== Segment start ==
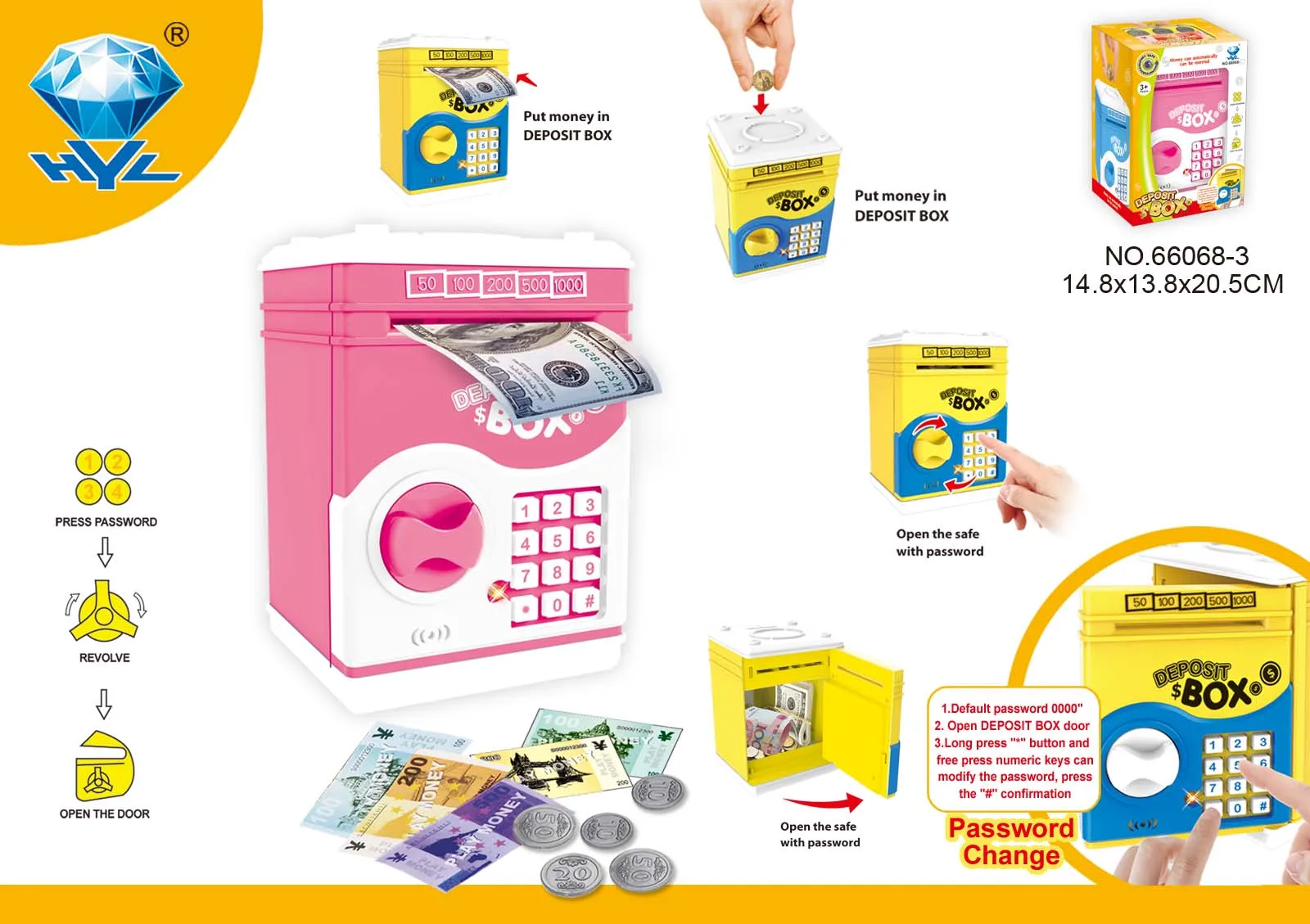 Safe Deposit Box  Machine Kid Digital Counting Pink ATM Savings Bank Money Box For Kids Digital Coins Cash Saving Christmas Gift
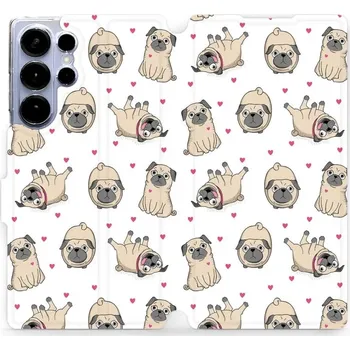 Pouzdro na mobilní telefon Flipové pouzdro Mobiwear - Samsung Galaxy S25 Ultra - M097P Mopsíci (Knížkové flip pouzdro, obal, kryt na mobil Samsung Galaxy S25 Ultra - M097P Mopsíci, materiál Umělá kůže + TPU - ochrana 360°, stojánek, silikonová vanička, magnetické zavírání)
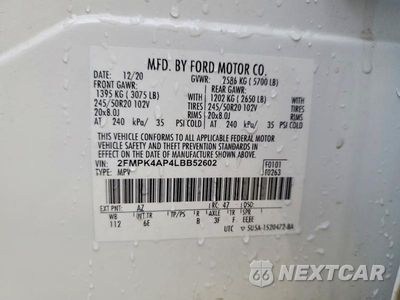 Zdjęcie 14 z 14 samochodu: 2020 FORD EDGE ST VIN:2FMPK4AP4LBB52602 - miniatura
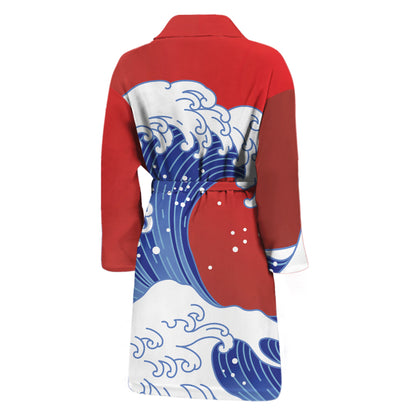 Red Sun Japanese Wave Print Men's Bathrobe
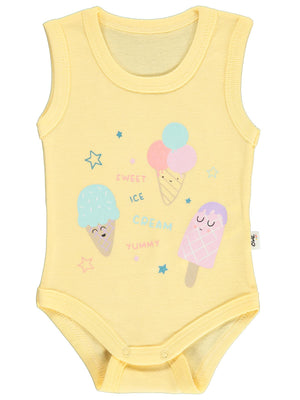 Civil Baby Dondurma Baskılı 1-36 Yaş Çıtçıtlı Badi - Sarı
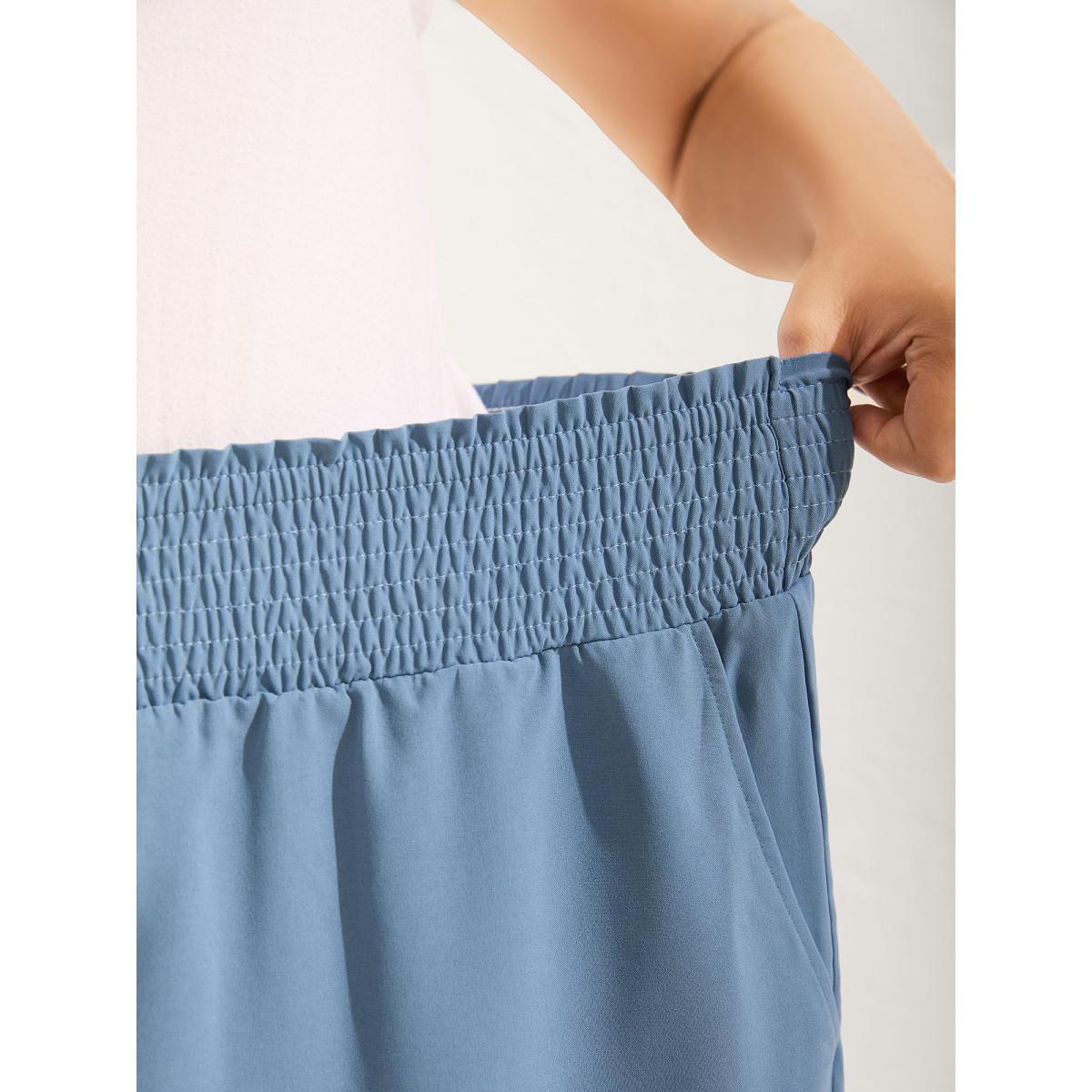 Plus Size Petal Hem Slit Wide-Leg Pants Women Stone Resort Wide Leg Mid Rise Vacation Pants BloomChic 30/6X Product Image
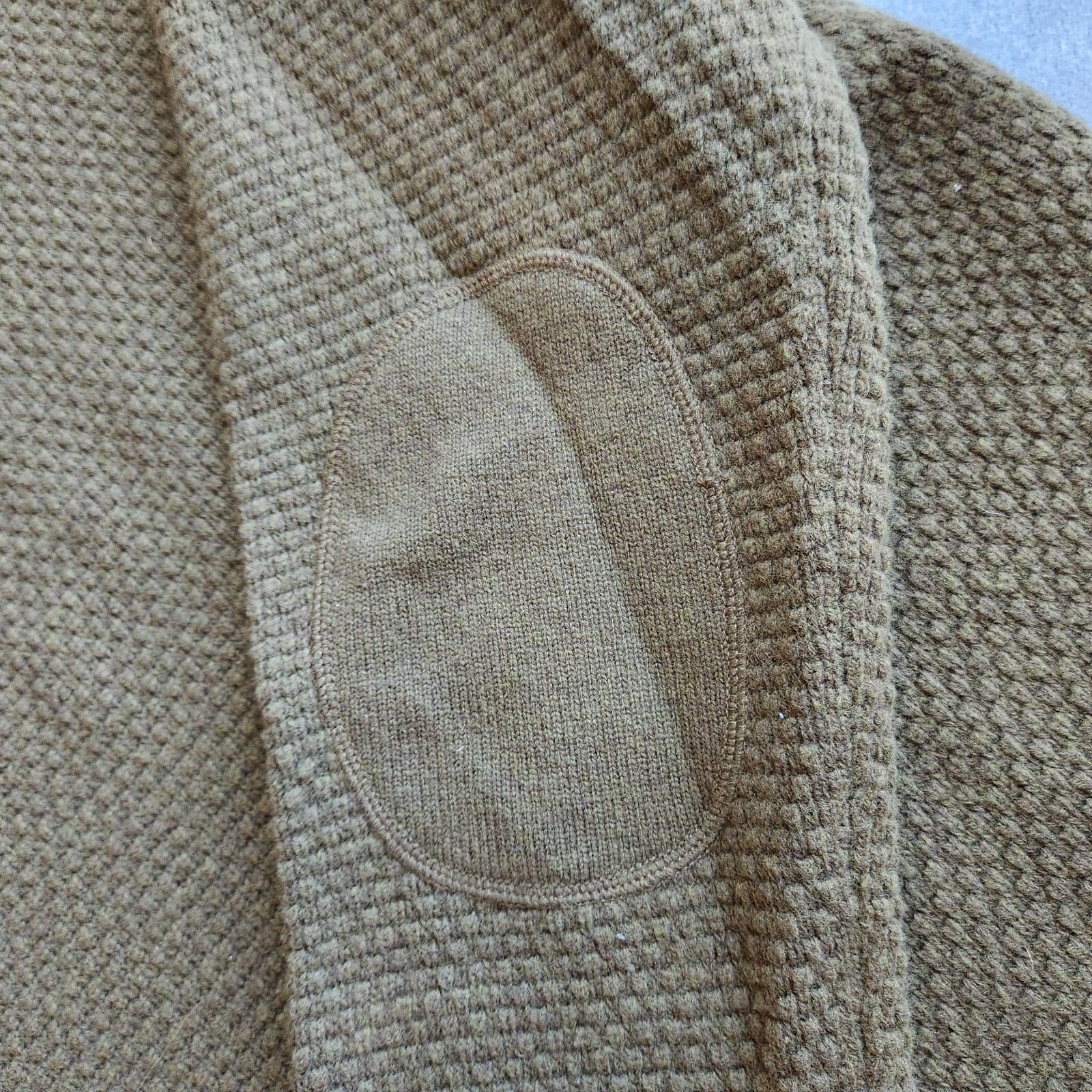 Toad & Co Malamute Lambswool Waffle Knit Crew Sweater Elbow-Patch Green Mens XXL - Thumbnail 2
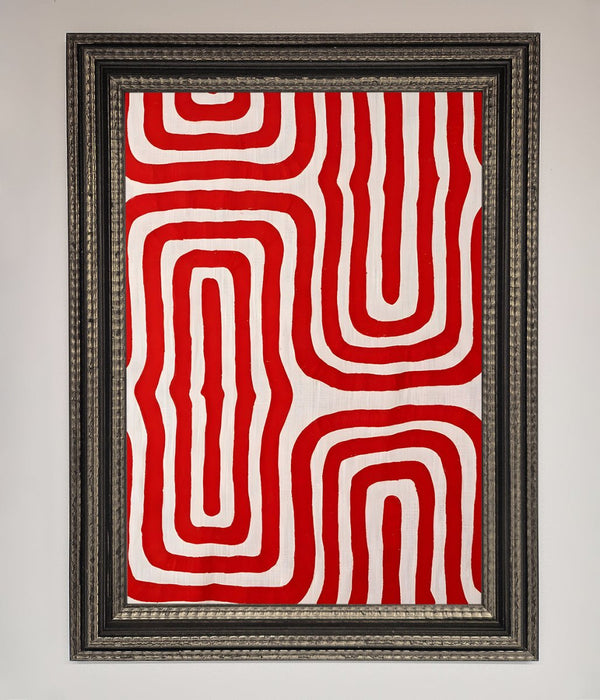 Red Waves Abstract Art Framed Poster - Hi Society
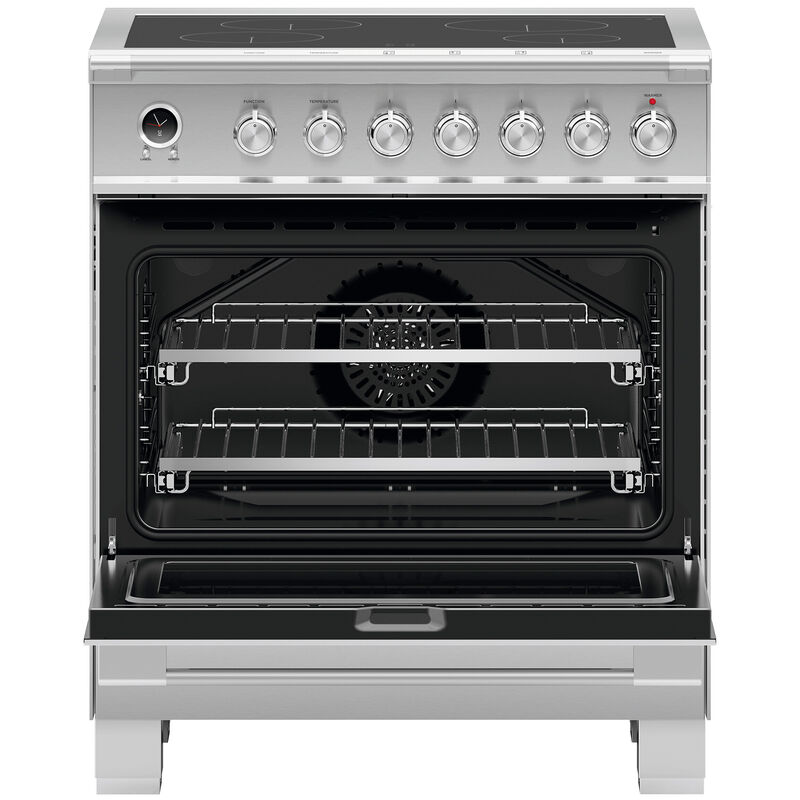 Fisher & Paykel Series 9 Classic 30 in. 3.5 cu. ft. True European Convection Electric Range with 4 Induction Burners - Stainless Steel, , hires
== Segment end ==
▶ [Exercise objective]: The response should be the lines from the one containing "Plus Size Petal" through the final line of the records, reproduced exactly and with every picture left out.

▶ [The completed task]:
 Plus Size Petal Hem Slit Wide-Leg Pants Women Stone Resort Wide Leg Mid Rise Vacation Pants BloomChic 30/6X Product Image
 Toad & Co Malamute Lambswool Waffle Knit Crew Sweater Elbow-Patch Green Mens XXL - Thumbnail 2
 Red Waves Abstract Art Framed Poster - Hi Society
 Fisher & Paykel Series 9 Classic 30 in. 3.5 cu. ft. True European Convection Electric Range with 4 Induction Burners - Stainless Steel, , hires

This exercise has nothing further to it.